Referring expression grounding data

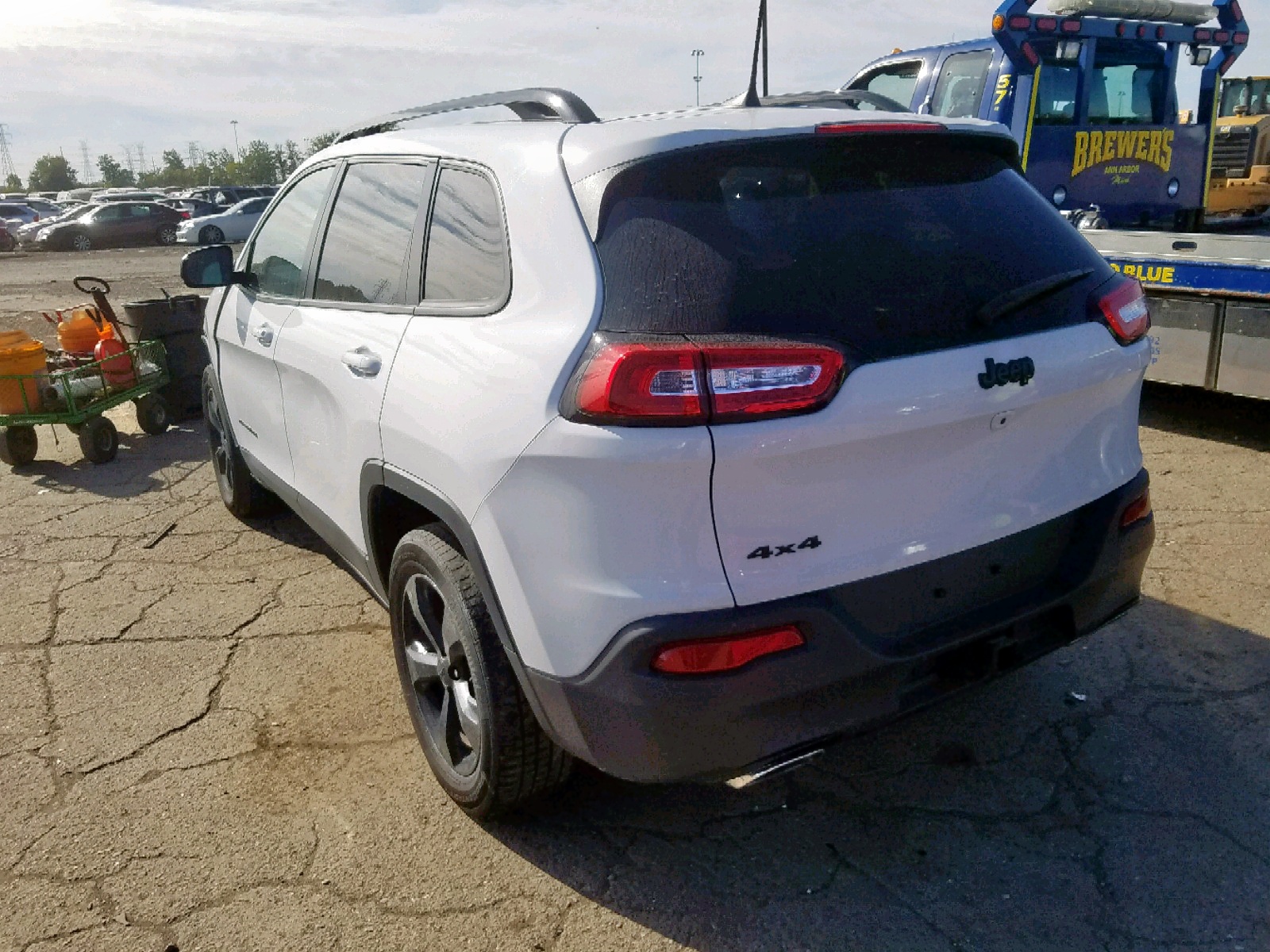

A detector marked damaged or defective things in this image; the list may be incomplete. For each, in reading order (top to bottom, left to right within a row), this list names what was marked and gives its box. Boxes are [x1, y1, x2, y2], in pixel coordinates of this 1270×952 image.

cracked asphalt [2, 251, 1270, 952]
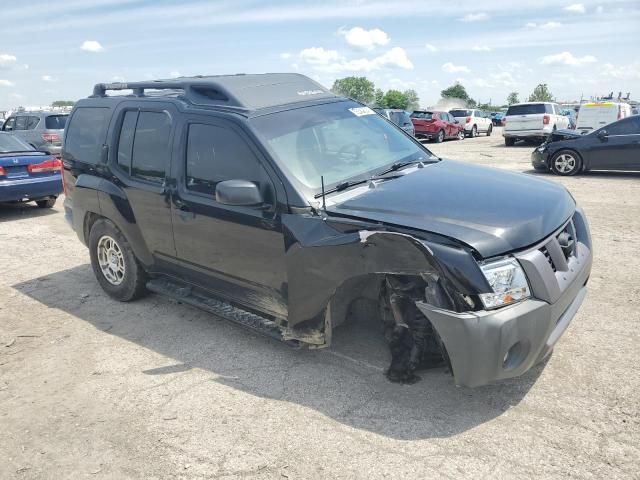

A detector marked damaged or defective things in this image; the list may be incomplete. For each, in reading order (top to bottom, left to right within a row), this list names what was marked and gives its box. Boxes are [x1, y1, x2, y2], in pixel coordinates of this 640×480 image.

dented hood [330, 160, 576, 258]
damaged headlight [480, 256, 528, 310]
damaged front bumper [418, 208, 592, 388]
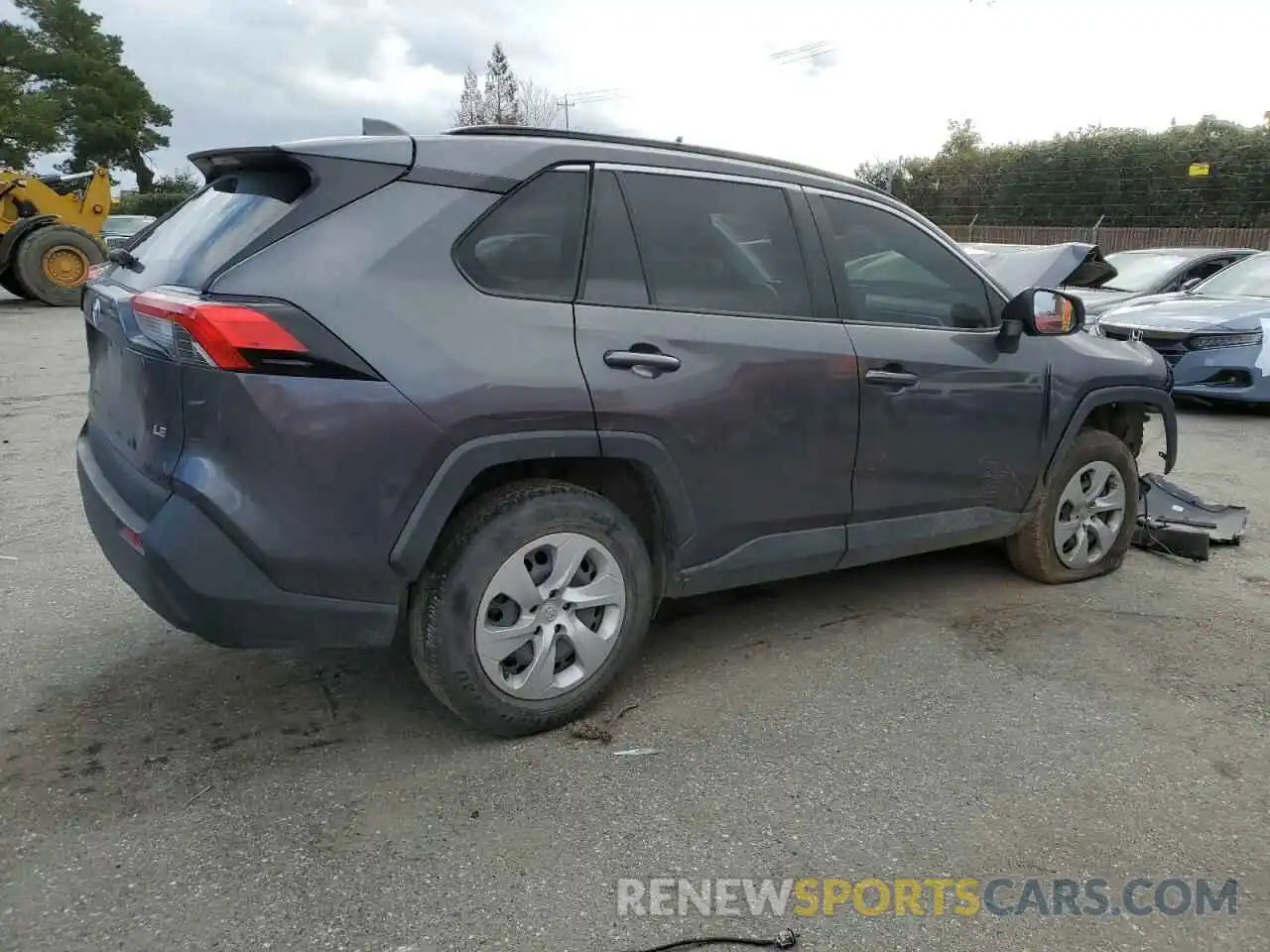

■ **What is required**
Although the records contain pictures, the copy should hold only their text, reproduced exactly.

■ **Answer section**
A detector marked damaged or defective things in this image; the list may be incomplete. For each, in reading order (top to bottom, left to right within a row), this list names what was marked and gives its box. Boxes are [x1, y1, x2, y2], in pixel coordinates of this 1270×952 image.

cracked asphalt [2, 251, 1270, 952]

A detector marked damaged or defective things in this image; the list may be incomplete. For each, in reading order (top to bottom, left to right within a row), this list names what was marked and gives its box. Boxes are [x1, y1, x2, y2], in pixel coordinates of this 640×480 image.

dented hood [330, 160, 576, 258]
damaged headlight [480, 256, 528, 310]
damaged front bumper [418, 208, 592, 388]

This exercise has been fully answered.